Before the story even begins, there is a disclaimer. Wong writes:
Notes On Language
My first language—the language of my family—is Cantonese. And even though I don’t speak it well, you can assume all conversations I have with my parents and other Chinese elders in this book occur in Cantonese. I have chosen to keep some Cantonese words untranslated because I feel they are better represented and more meaningful in their original form… I also use Mandarin Pinyin for many Chinese place names to make them easier to locate on a map. If you find this jumble of language and dialects frustrating, please know that it is even worse inside my head.

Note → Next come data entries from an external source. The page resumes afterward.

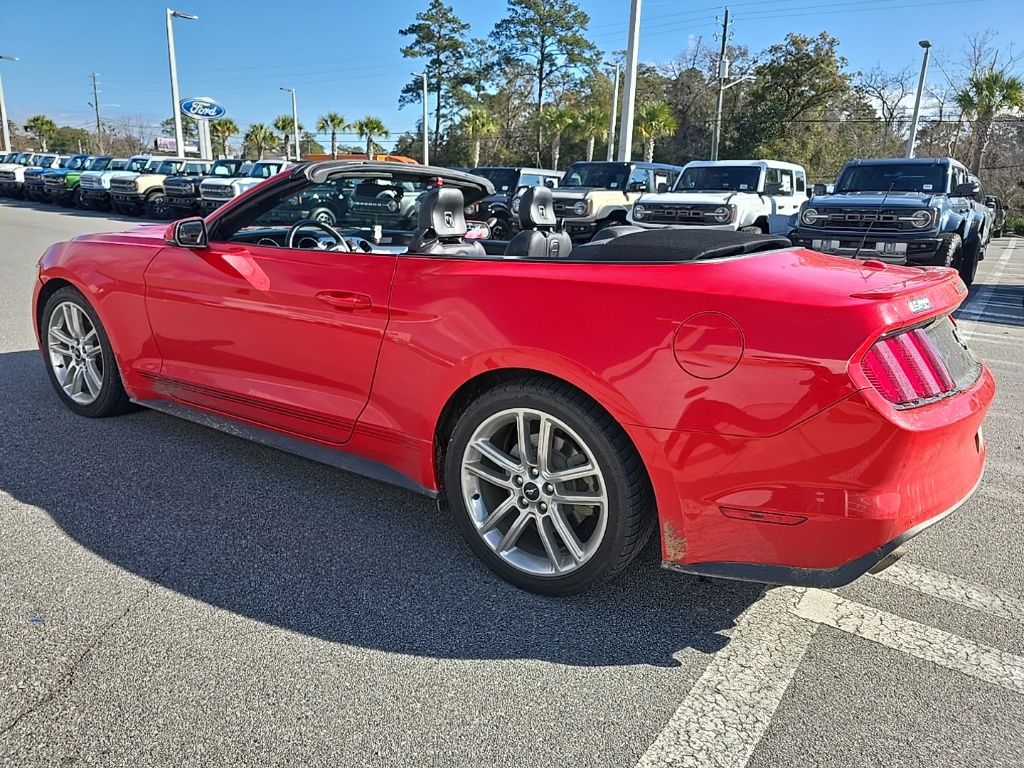 2017 Ford Mustang EcoBoost Premium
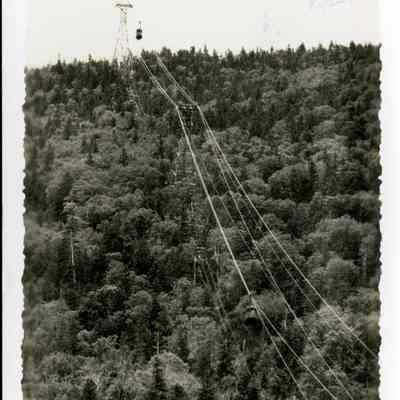 Cannon Mt. Aerial Passenger Tramway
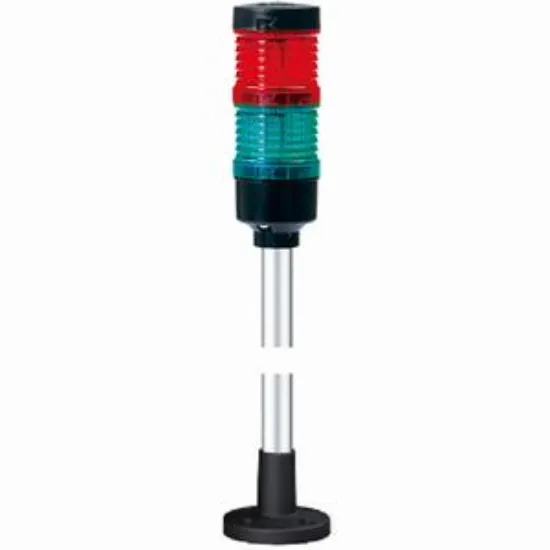 Ảnh của Đèn tháp Qlight QT50L-2-12-RG-QZ18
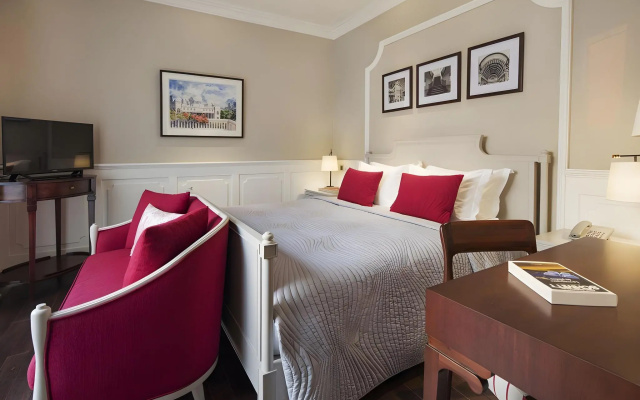 Maison De Camille Boutique Hotel – Guest Rooms – Ho Chi Minh City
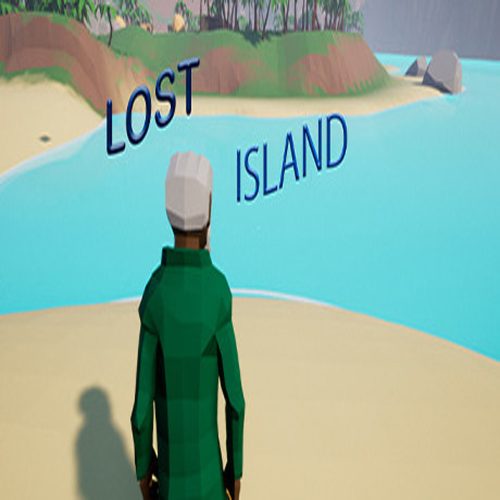 The Lost Island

This patchwork of languages, a key characteristic of the diaspora, arises when immigrants and their children adapt and assimilate while maintaining knowledge of their heritage language. The result is a hybrid of English shaped by Chinese grammar, or Chinese words scattered within sentences in which they would not normally appear. Yet this is precisely where they do belong, where they fought to belong. Wong’s story of her broken Cantonese is itself a story of migration, of a language that has survived outside its origin and natural environment.
For example, on page 120, Wong remarks within the sky of a hilly countryside drawing: “For the longest time, when I asked my mom where she was born, she’d simply say, ‘heung haa,’ which I mistook for a place name.” The term “heung haa” is not fully realised until one sets foot in one’s ancestral village. That is exactly where Wong goes, seeking greater clarity about her family’s history.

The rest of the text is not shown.